Give the data again exactly, stopping after the "12 Howard Road photo 9" line.

[Data for this task — start]

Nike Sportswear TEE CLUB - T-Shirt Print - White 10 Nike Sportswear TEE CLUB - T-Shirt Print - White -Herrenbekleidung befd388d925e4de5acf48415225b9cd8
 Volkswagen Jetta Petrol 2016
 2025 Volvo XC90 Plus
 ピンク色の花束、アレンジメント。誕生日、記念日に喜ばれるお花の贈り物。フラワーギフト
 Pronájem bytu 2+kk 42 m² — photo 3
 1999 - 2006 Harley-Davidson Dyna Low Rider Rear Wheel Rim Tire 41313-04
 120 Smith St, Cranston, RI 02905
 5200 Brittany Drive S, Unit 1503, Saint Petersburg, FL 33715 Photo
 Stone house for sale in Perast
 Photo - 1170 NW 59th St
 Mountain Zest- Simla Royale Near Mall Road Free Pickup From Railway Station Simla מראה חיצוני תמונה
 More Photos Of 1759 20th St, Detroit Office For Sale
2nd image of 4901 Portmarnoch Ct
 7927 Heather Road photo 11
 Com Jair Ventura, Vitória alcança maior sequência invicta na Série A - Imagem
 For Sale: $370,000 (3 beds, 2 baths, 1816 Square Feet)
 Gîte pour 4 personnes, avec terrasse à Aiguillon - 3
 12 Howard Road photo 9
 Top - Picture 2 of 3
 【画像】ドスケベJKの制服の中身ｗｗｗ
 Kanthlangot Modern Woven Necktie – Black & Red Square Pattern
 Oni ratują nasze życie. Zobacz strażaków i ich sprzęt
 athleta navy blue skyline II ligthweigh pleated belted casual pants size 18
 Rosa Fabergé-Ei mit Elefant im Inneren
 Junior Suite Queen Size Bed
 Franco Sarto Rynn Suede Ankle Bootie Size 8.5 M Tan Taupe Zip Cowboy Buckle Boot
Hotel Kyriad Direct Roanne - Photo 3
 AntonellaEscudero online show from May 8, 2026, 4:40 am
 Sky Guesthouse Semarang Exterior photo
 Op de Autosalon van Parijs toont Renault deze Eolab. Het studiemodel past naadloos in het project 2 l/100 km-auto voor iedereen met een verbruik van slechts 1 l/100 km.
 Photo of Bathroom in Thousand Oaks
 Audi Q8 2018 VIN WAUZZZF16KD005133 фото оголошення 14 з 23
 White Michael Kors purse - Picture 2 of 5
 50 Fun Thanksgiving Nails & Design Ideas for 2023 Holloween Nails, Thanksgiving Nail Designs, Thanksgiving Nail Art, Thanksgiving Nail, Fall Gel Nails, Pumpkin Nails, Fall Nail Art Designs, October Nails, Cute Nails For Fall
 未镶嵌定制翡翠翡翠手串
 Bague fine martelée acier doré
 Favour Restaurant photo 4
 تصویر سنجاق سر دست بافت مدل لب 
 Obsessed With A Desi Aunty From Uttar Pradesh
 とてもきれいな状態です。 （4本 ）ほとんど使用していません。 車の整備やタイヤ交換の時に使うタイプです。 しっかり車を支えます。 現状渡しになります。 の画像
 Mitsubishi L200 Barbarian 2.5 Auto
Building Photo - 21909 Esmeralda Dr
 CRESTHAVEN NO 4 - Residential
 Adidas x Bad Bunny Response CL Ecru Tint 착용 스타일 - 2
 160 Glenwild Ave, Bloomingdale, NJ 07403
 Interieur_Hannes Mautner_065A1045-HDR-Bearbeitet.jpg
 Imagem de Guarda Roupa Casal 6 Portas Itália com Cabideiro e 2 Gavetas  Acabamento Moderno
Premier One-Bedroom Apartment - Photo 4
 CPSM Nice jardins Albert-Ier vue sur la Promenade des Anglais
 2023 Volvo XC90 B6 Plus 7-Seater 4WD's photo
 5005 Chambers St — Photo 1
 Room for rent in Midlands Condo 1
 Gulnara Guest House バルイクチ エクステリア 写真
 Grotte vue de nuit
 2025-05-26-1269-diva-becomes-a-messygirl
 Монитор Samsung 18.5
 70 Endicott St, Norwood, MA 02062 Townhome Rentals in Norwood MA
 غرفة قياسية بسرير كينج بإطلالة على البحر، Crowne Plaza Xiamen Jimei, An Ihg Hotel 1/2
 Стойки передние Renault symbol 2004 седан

[Data for this task — finish]

(Solved problem):
Nike Sportswear TEE CLUB - T-Shirt Print - White 10 Nike Sportswear TEE CLUB - T-Shirt Print - White -Herrenbekleidung befd388d925e4de5acf48415225b9cd8
 Volkswagen Jetta Petrol 2016
 2025 Volvo XC90 Plus
 ピンク色の花束、アレンジメント。誕生日、記念日に喜ばれるお花の贈り物。フラワーギフト
 Pronájem bytu 2+kk 42 m² — photo 3
 1999 - 2006 Harley-Davidson Dyna Low Rider Rear Wheel Rim Tire 41313-04
 120 Smith St, Cranston, RI 02905
 5200 Brittany Drive S, Unit 1503, Saint Petersburg, FL 33715 Photo
 Stone house for sale in Perast
 Photo - 1170 NW 59th St
 Mountain Zest- Simla Royale Near Mall Road Free Pickup From Railway Station Simla מראה חיצוני תמונה
 More Photos Of 1759 20th St, Detroit Office For Sale
2nd image of 4901 Portmarnoch Ct
 7927 Heather Road photo 11
 Com Jair Ventura, Vitória alcança maior sequência invicta na Série A - Imagem
 For Sale: $370,000 (3 beds, 2 baths, 1816 Square Feet)
 Gîte pour 4 personnes, avec terrasse à Aiguillon - 3
 12 Howard Road photo 9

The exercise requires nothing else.